We have examined copies of the Registration Statement, the Prospectus
forming a part thereof, the Certificate of Incorporation and Bylaws of the
Corporation, each as amended to date, the minutes of various meetings and
unanimous written consents of the Board of Directors and the shareholders of the
Corporation, and original, reproduced or certified copies of such records of the
Corporation and such agreements, certificates of public officials, certificates
of officers and representatives of the Corporation and others, and such other
documents, papers, statutes and authorities as we deem necessary to form the
basis of the opinions hereinafter expressed. In such examination, we have
assumed the genuineness of all signatures and the conformity to original
documents of all documents supplied to us as copies. As to various questions of
fact material to such opinions, we have relied upon statements and certificates
of officers and representatives of the Corporation and others.
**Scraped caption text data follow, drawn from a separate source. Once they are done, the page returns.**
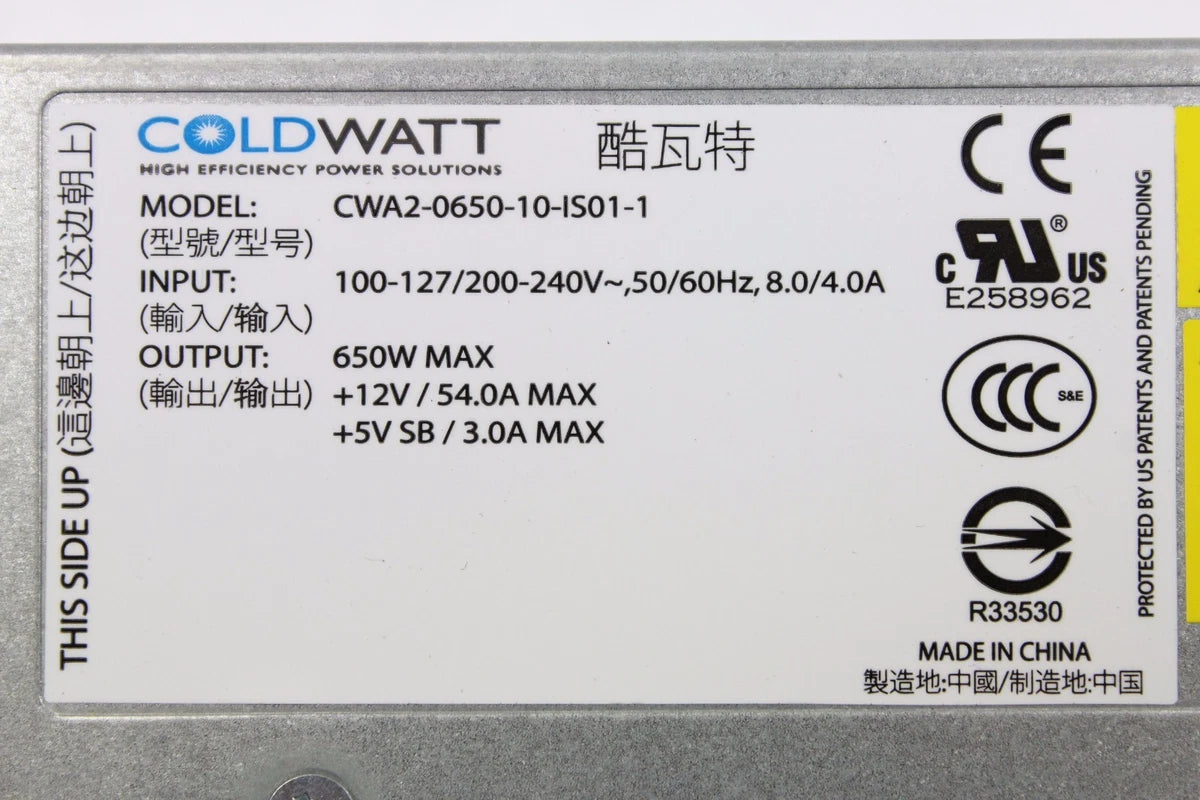 EMC ISIL051-0003-01 CWA2-0650-10-IS01-1 650W ISILON Redundant PSU Power Supply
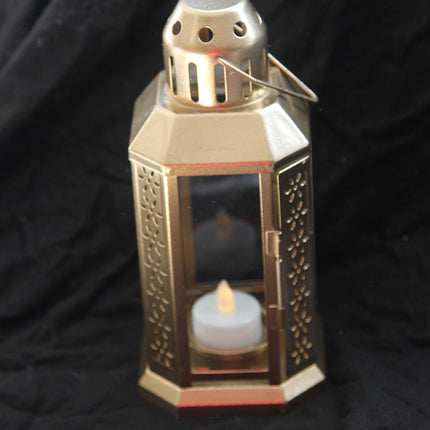 Gold Metal Miners Lantern Summer Xmas Wedding Home Party Room Balconey Deck Decoration 21cm Tealight Candle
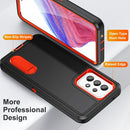 For Samsung Galaxy A53 3 in 1 Rugged Holder Phone Case(Black + Orange)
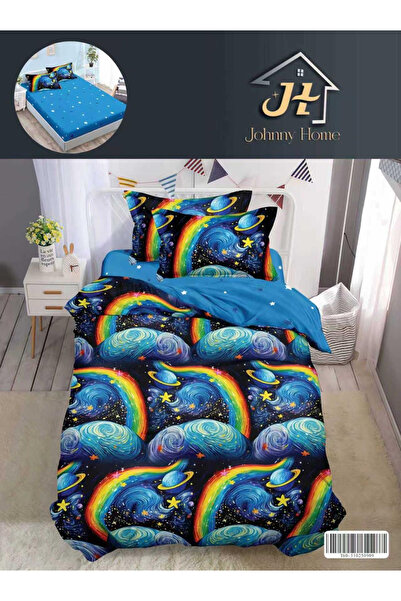 FIONNA.RO Finet Duvet Cover Set With Stretchy 1 Person - Rainbow In Space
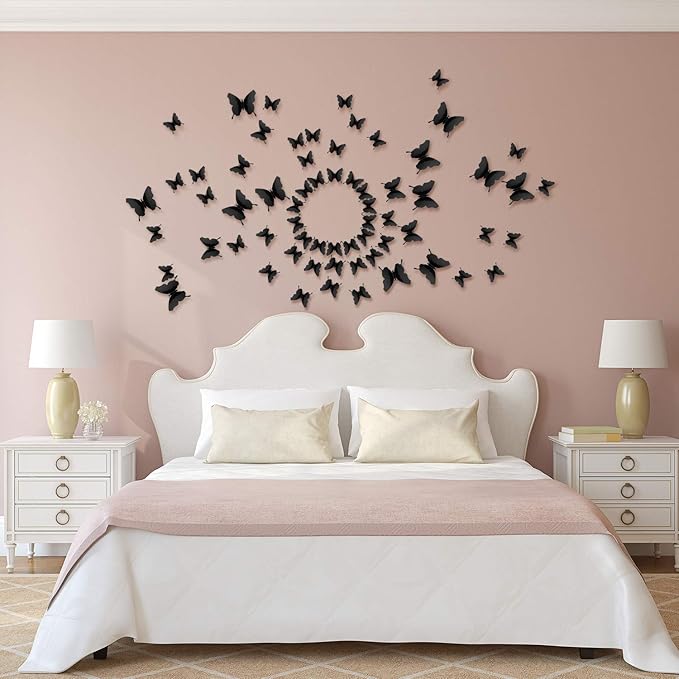 BBTO 48 Pieces Butterfly Wall Decor DIY Mirror 3D Butterfly Stickers Removable Decals for Home Bedroom School Bathroom Living Room Decor(Black)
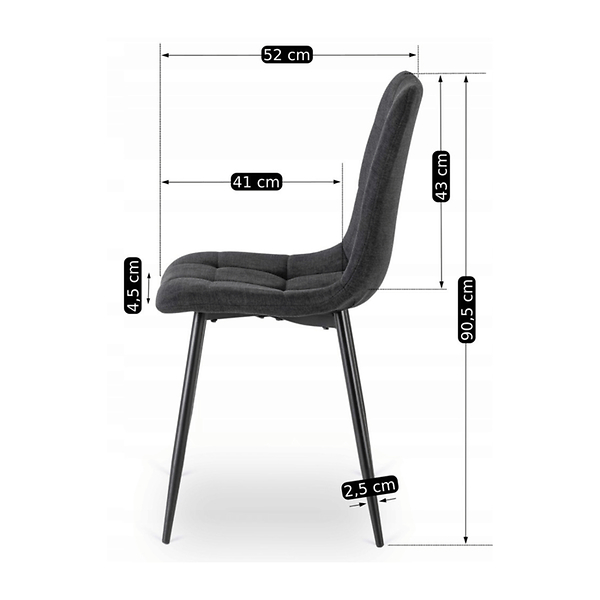 Krzesło Tapicerowane Kuchenne Do Jadalni Kuchni Salonu Loft Czarne PERU 2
Based on the foregoing, we are of the opinion that each of the
2,150,000 shares of Common Stock, when issued in accordance with the terms of
the July Notes and the August Notes, as the case may be, will be duly and
validly issued by the Corporation, fully paid and nonassessable.
We hereby consent to the reference to our firm under the caption "Legal
Matters" in the Prospectus forming part of the Registration Statement and to
your filing a copy of this Opinion as an exhibit to said Registration Statement.